▶ Your instructions:
A verbatim copy of the lines from the one with "Wrangler ● Larston" through the final line below is required; print it and nothing else.

***** Data to examine *****

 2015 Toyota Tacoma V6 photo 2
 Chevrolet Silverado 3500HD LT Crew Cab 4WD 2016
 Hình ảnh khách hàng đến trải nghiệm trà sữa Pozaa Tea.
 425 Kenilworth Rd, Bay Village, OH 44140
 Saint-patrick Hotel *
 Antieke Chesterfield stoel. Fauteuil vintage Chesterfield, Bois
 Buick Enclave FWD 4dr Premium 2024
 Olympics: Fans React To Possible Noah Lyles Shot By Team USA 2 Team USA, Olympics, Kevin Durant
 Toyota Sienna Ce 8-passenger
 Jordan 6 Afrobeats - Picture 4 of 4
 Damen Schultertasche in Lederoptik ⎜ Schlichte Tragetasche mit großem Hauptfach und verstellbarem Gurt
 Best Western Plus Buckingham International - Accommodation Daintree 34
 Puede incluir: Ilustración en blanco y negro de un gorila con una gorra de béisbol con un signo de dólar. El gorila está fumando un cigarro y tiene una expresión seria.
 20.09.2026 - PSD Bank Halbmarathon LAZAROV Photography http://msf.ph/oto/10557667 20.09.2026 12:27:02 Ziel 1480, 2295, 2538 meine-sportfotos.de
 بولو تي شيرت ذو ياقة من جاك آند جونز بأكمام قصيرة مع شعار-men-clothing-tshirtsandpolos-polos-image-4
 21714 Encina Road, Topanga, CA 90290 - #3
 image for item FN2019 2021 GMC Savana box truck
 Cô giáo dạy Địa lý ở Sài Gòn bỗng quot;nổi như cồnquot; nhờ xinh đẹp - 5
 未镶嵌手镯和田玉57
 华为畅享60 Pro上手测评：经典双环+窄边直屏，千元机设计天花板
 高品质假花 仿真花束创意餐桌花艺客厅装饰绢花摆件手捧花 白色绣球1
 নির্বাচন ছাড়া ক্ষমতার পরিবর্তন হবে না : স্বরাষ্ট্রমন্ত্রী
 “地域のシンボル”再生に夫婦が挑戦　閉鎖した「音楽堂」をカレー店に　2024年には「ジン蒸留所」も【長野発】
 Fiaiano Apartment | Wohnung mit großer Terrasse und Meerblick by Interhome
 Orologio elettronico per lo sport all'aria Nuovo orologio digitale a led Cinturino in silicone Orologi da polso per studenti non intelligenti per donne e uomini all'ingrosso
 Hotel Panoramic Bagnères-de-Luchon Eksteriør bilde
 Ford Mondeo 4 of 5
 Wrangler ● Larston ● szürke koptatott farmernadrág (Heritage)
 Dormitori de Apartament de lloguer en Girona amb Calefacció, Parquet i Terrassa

*****

▶ Finished task:
 Wrangler ● Larston ● szürke koptatott farmernadrág (Heritage)
 Dormitori de Apartament de lloguer en Girona amb Calefacció, Parquet i Terrassa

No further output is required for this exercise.